[Records for the exercise]
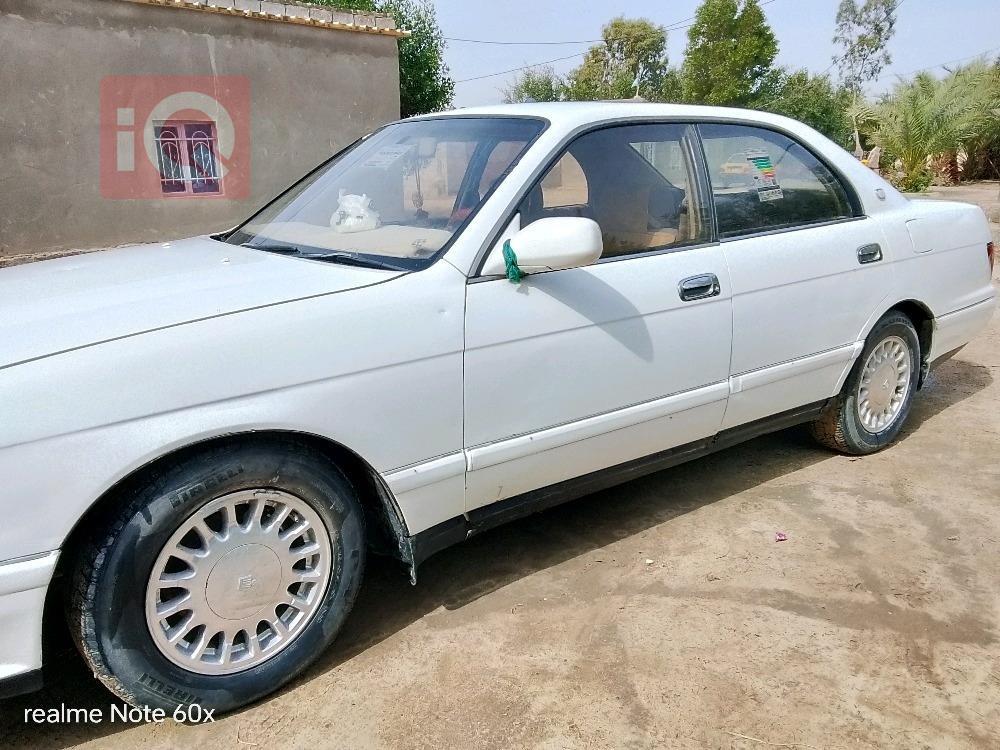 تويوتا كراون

==

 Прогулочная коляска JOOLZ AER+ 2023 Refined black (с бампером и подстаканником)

---

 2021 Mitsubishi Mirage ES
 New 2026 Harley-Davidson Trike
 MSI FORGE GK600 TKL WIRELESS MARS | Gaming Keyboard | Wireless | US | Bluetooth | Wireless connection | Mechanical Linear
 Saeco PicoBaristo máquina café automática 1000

[Work to complete]
For the listing above, print only the lines starting at the line containing "MSI FORGE GK600" and ending at the line containing "Saeco PicoBaristo máquina", exactly, both included.

[Response]
 MSI FORGE GK600 TKL WIRELESS MARS | Gaming Keyboard | Wireless | US | Bluetooth | Wireless connection | Mechanical Linear
 Saeco PicoBaristo máquina café automática 1000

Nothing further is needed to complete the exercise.